Is it okay: to read Enid Blyton books?
For a large percentage of my childhood I dreamed of being in the Secret Seven. I’d imagine having meetings in my shed, call all bread “jammy buns” and look for evidence of nefarious crimes everywhere. Laughing neighbours were smugglers, the man driving down my street a painting thief, and any abandoned wrappers or cigarette butts were “clues”.
In reality I was actually sitting in my book-fort reading by torchlight. I didn’t have a dog called Scamper – and I’m pretty sure my pet fish, Comet, would be about as useful as a Magikarp in any kind of criminal confrontation. No-one was painting on cats to cover up a kidnapping, and everyone around me was frustratingly law-abiding. The dream died, new obsessions came around, and all of a sudden I found myself at 22 revisiting my copy of Good Old Secret Seven.
It was a bit of an awakening.
On the surface of it, the series is about seven ordinary children who happen to be part of an exclusive crime solving club in the 1950s.
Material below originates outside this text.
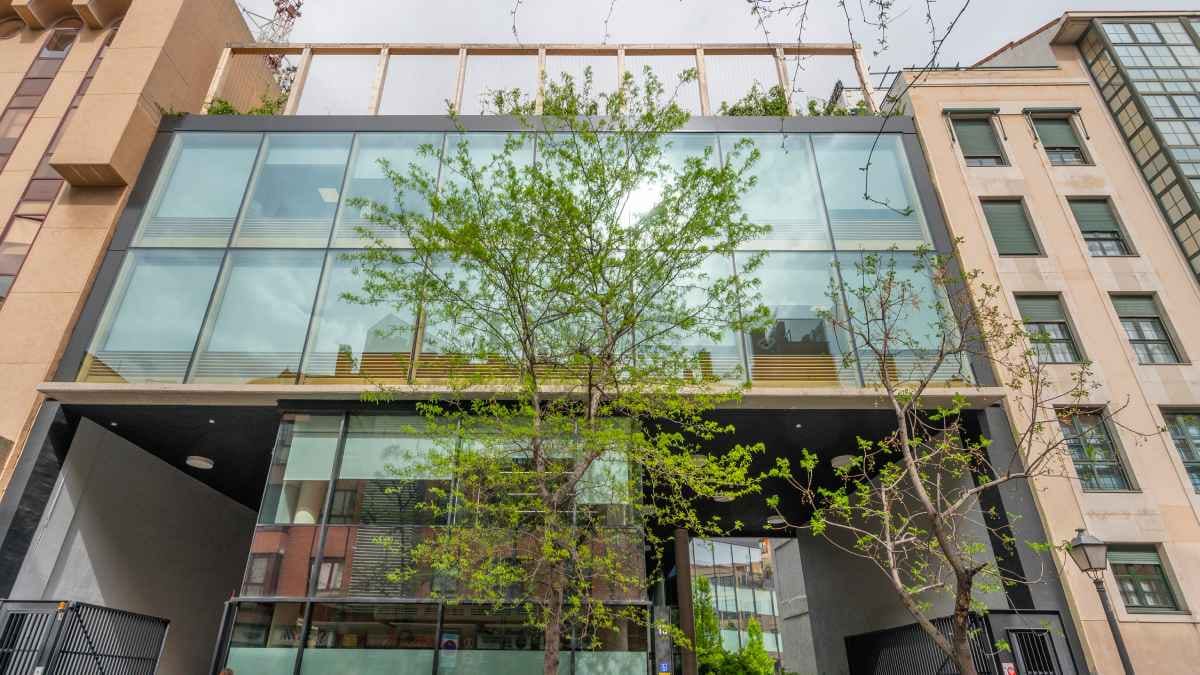 Fotografía que ilustra la noticia: Perial AM vende un edificio de oficinas en Madrid a una mutua de seguros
However, looking back over things with more mature eyes, it’s interesting to see the world that Peter, Janet, Pam, Barbara, Colin, Jack and George actually live in; one laced with tinges of racism, elitism, xenophobia and sexism.
Of the seven main characters in the book, I’d argue that Enid Blyton has only bothered to give personalities to three of them; Peter, Janet and Jack. Peter is the boss of the Secret Seven, and, apparently also of Janet. Throughout the story he orders her to make invitations, prepare beverages, and stay at home in times of trouble. His attitude towards “the girls” seems to be a view of physical and mental inferiority; girls are there to serve and be protected.
In this particular book, Janet is looking through a telescope and discovers someone lurking at an old abandoned castle at the top of a hill. Naturally, the Secret Seven decide to investigate. Peter decides that the girls should stay home as “the hill would be a bit steep for them”, however Janet has a rare fit of defending herself and insists that she, Pam and Barbara (who as characters are pretty much indistinguishable) be allowed to come along. Peter gives in, and phones an unimpressed Jack.
“What a nuisance!” said Jack. “It’s quite a way to the castle – and we’ll have to bike slowly or the girls won’t keep up with us.”
Blyton doesn’t just put these kinds of words into the mouths of male characters either. When describing Jack’s ‘pest of a sister, Susie’ she writes “She’s more like a boy, really,” said Barbara, which made all the boys look scornfully at her. “Well you know what I mean,” she went on. “She’s brave – and bold, and don’t-care-ish – and she doesn’t cry if she hurts herself, and she’ll stick by her friends through thick and thin. If she were a boy I’d like her awfully – but as she’s a girl, she’s just a nuisance.”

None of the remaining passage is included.